Furthermore, bladder activity is regulated by multiple excitatory central neurotransmitter mechanisms (glutamatergic, noradrenergic, dopaminergic, and serotonergic), as well as GABAergic and glycinergic inhibitory mechanisms [42,43]. It has believed that glutamate is the essential excitatory transmitter and that other neurotransmitters such as 5-HT and norepinephrine exert their effects by modulating glutamatergic transmission [15,42]. Taken together, these results demonstrate that spinal 5-HT7 receptors at the T10 level have an important role in tonically modulating the efferent limb of the micturition reflex in rat. Because bladder activity during continuous CMG was also stimulated by i.p. administration of LP-211 and abolished by SB-269970, spinal 5-HT7 receptors at the T9-T11 level are likely to be involved in the control of EUS as well as bladder function. The role of serotonin in modulating the micturition reflex in the rat was described by several authors. In conscious rats, at the supraspinal level, 5-HT can enhance (via 5-HT1A, 5-HT2 and 5-HT4 receptors) the micturition reflex induced by filling . In the anaesthetized female rat, it was recently shown, by using selective 5-HT7 receptor antagonists administered intravenously, that supraspinal 5-HT7 receptors are involved in control of the micturition reflex . However, 5-HT1A and 5-HT7 receptors have recently been suggested to have an excitatory role in control of bladder function .
In vivo rat bladder, the 5-HT7 receptor antagonists can inhibit the 5-HT-induced increase of intravesical pressure, while the 5-HT3, 5-HT4 receptor antagonist had no similar effect . Recio confirmed that 5-HT can relax the pig urinary bladder neck through activation of muscle 5-HT7 receptors coupled to adenylyl cyclase activation . While it has been reported that intravenous injection of SB-269970 had no effect on urodynamic parameters in anesthetized female spinal intact rats, intracerebroventricular injection (i.c.v.) of 5-HT7 receptor antagonist SB-269970 could induce an increase in bladder pressure threshold and capacity, a significant decrease in distension-induced bladder contraction. At the higher doses, SB-269970 blocked the micturition reflex. It means that the superspinal 5-HT7 receptors are involved in the regulation of urinary reflex, while peripheral nervous systems such as the spinal cord of 5-HT7 receptor are unable to control the micturition reflex .

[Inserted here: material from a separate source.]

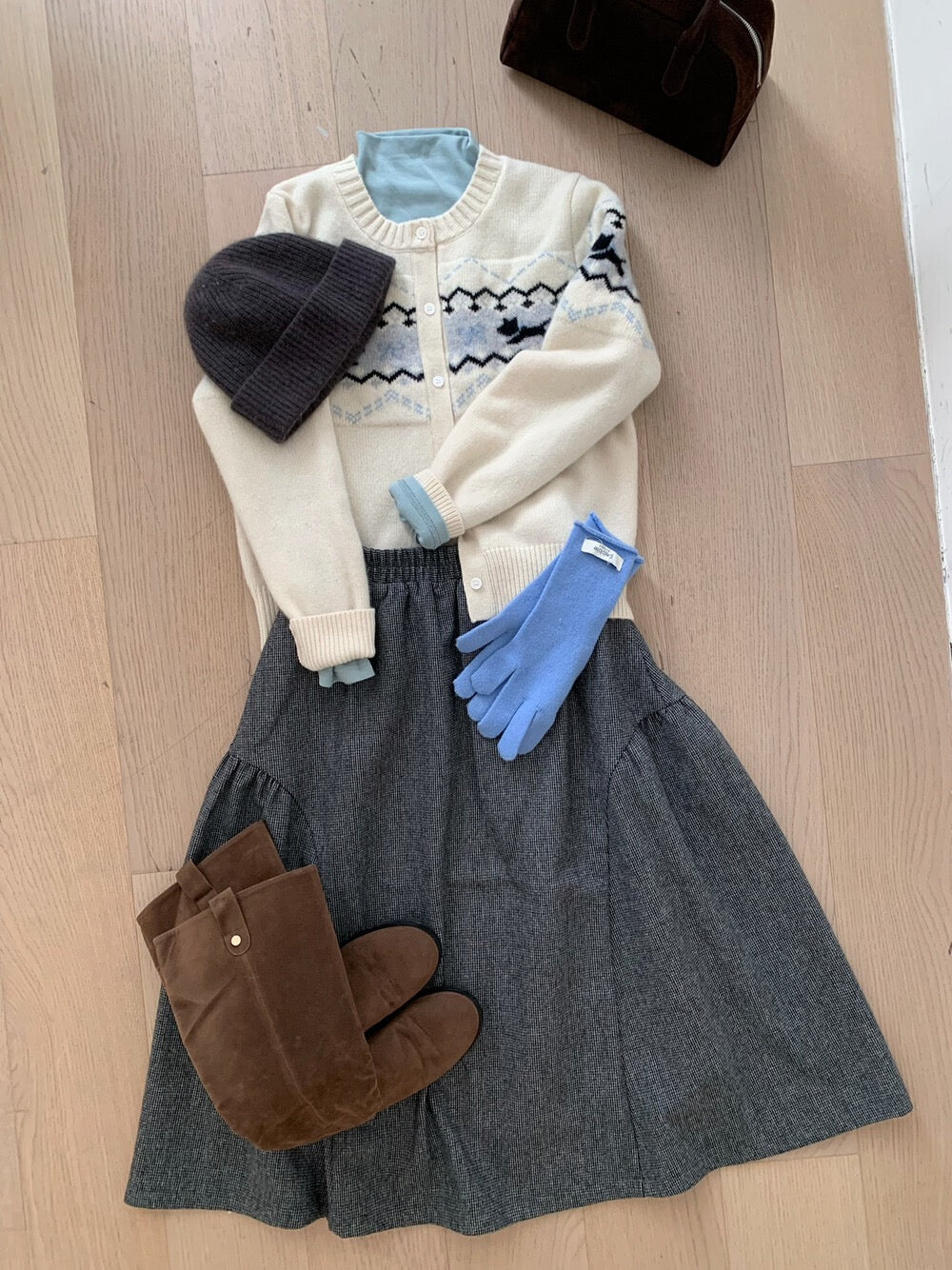 Kelly Designs Pure Wool Nordic Knit Cardigan (Instock)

In summary, the 5-HT7 receptor agonist, LP-211, improved voiding efficiency by different functions of the bladder activity and also, this research adds to the growing evidence of the importance of the 5-HT7 in the control of micturition reflex in SCI rats, and so may represent a new strategy to improve bladder voiding efficiency after SCI in experimental studies. LP-211 activated 5-HT7 receptor and facilitated the micturition reflex, which showed some clinical relevance regarding the voiding efficiency after SCI. however, further studies are necessary to clarify the role of the 5-HT7 receptor agonist, LP-211 on bladder activity.
This study was supported by Tehran University of Medical Sciences (Grant No.2014-02/85/2527).